The New Markets Tax Credit Program (NMTC Program) helps economically distressed communities attract private investment capital. This federal tax credit helps to fill project financing gaps by enabling investors to make larger investments than would otherwise be possible. Communities benefit from the jobs associated with investments in manufacturing, retail, and technology. Communities also benefit from greater access to housing and public facilities such as health, education, and childcare.

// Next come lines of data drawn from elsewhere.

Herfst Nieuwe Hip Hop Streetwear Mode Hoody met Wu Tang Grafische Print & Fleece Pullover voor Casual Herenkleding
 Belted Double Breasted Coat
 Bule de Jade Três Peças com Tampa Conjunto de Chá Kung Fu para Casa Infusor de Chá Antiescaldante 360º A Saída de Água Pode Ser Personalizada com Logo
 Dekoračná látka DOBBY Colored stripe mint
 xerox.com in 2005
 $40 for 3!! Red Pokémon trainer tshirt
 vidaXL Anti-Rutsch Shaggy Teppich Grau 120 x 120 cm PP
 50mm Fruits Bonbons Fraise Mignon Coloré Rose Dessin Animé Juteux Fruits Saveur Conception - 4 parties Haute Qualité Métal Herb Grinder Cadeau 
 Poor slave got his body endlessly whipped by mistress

All NMTC projects must be located in targeted areas of distress having a significant poverty rate or low median income when compared to the surrounding area or unemployment rates significantly higher than the national unemployment rate. Many types of property investments such as office, retail, industrial, educational, and healthcare real estate are allowed in the program.
How It Works
Private investors can invest in businesses or development projects within the qualified distressed area and over seven years can receive federal tax credits up to 39 percent of their entire Qualified Equity Investment (QEI). The investments are made via a Community Development Entity (CDE) that has been awarded allocation authority by a Community Development Financial Institutions Fund (CDFI Fund). Businesses and developers are able to get more flexible financing below-market interest rates and better underwriting terms. There are a variety of purposes for which the financing proceeds can be used, but they are most usually used to build or update real estate projects. The distressed communities can expect permanent quality jobs, improvement to access to services and good, and new construction and revitalization of the existing physical amenities in the community. This, in turn, helps to promote future development.